* **The problem**: Copy the data that follows, character for character, minus the pictures.

* **Records excerpted from a collection**:

• • • • •

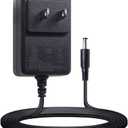 SONICAKE 9V DC 1A Power Supply Adapter for Piano Keyboard and Guitar Effects Pedal Center Negative
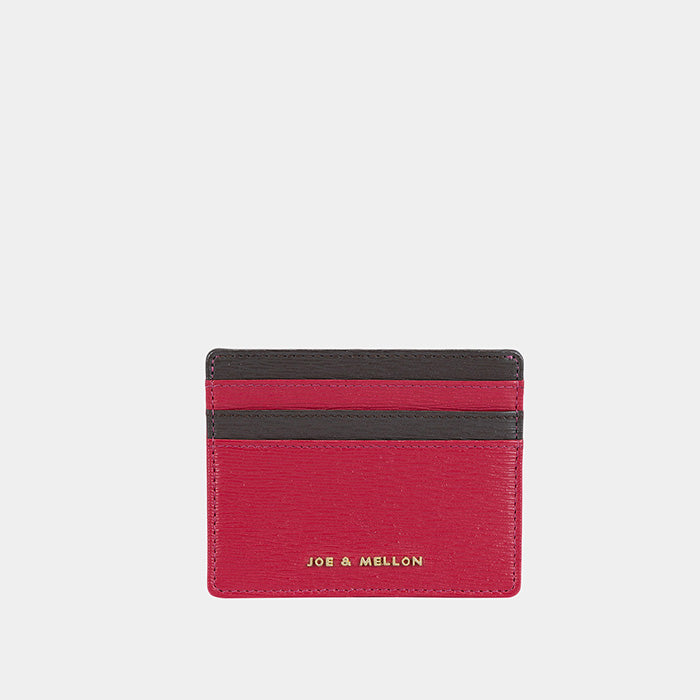 Linus Card Case- Pink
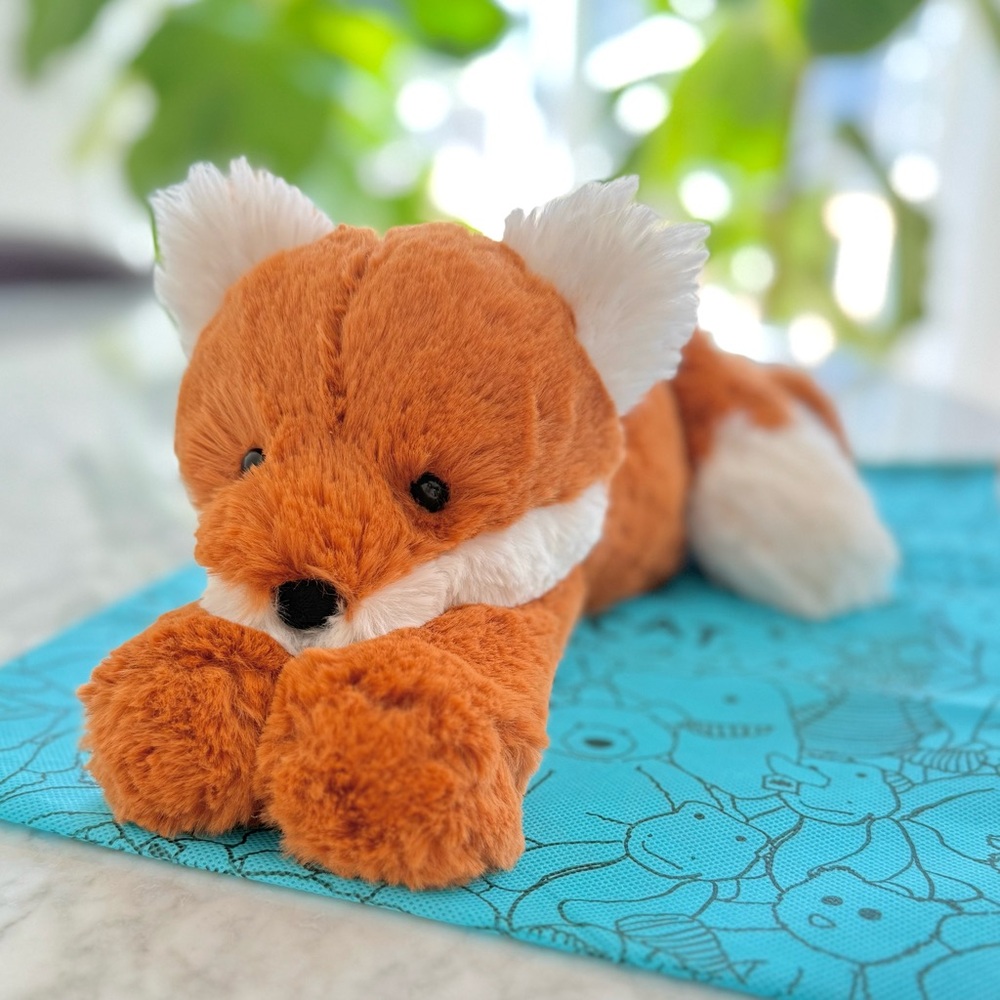 Jellycat Smudge Fox NWT Authentic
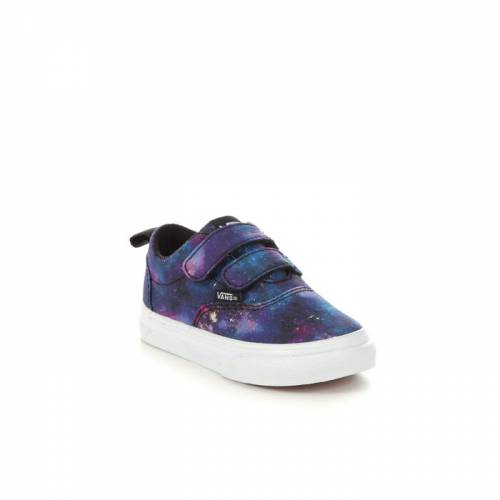 ヴァンズ バンズ ベビー 赤ちゃん用 スケート スニーカー 運動靴 ギャラクシー GIRLS' & ジュニア キッズ 【 VANS SKATE INFANT TODDLER DOHENY VELCRO SHOES GALAXY 】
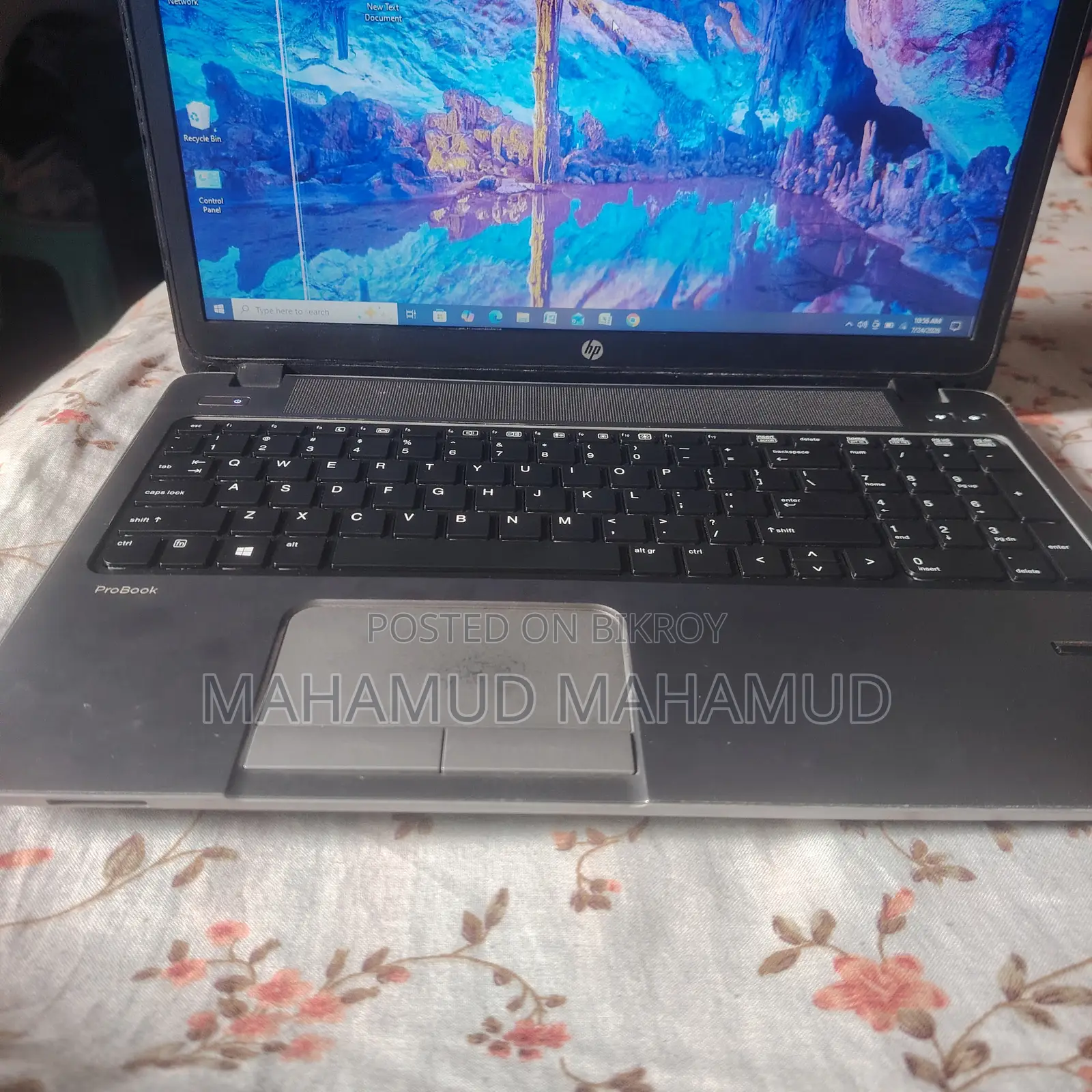 Laptop HP ProBook 450 G4 4GB Intel Core i5 SSD 128GB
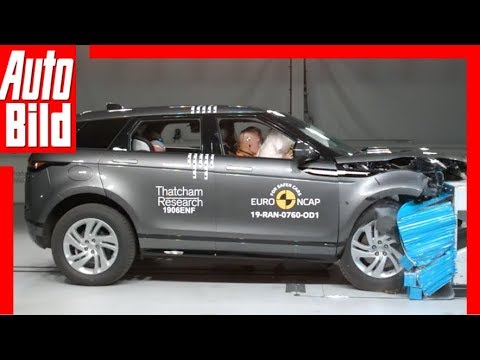 Range Rover Evoque (2019): Crashtest - NCAP - SUV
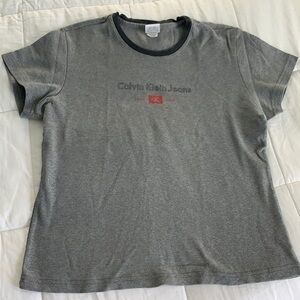 vintage calvin klein t shirt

• • • • •

* **Answer to the problem**:
 SONICAKE 9V DC 1A Power Supply Adapter for Piano Keyboard and Guitar Effects Pedal Center Negative
 Linus Card Case- Pink
 Jellycat Smudge Fox NWT Authentic
 ヴァンズ バンズ ベビー 赤ちゃん用 スケート スニーカー 運動靴 ギャラクシー GIRLS' & ジュニア キッズ 【 VANS SKATE INFANT TODDLER DOHENY VELCRO SHOES GALAXY 】
 Laptop HP ProBook 450 G4 4GB Intel Core i5 SSD 128GB
 Range Rover Evoque (2019): Crashtest - NCAP - SUV
 vintage calvin klein t shirt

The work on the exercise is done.